Data extract:
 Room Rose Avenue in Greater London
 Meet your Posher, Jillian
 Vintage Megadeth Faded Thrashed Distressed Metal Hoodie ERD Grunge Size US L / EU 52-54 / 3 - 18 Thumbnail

What you will do: The material must be duplicated in full, with each line kept exact.

Reply to the task:
 Room Rose Avenue in Greater London
 Meet your Posher, Jillian
 Vintage Megadeth Faded Thrashed Distressed Metal Hoodie ERD Grunge Size US L / EU 52-54 / 3 - 18 Thumbnail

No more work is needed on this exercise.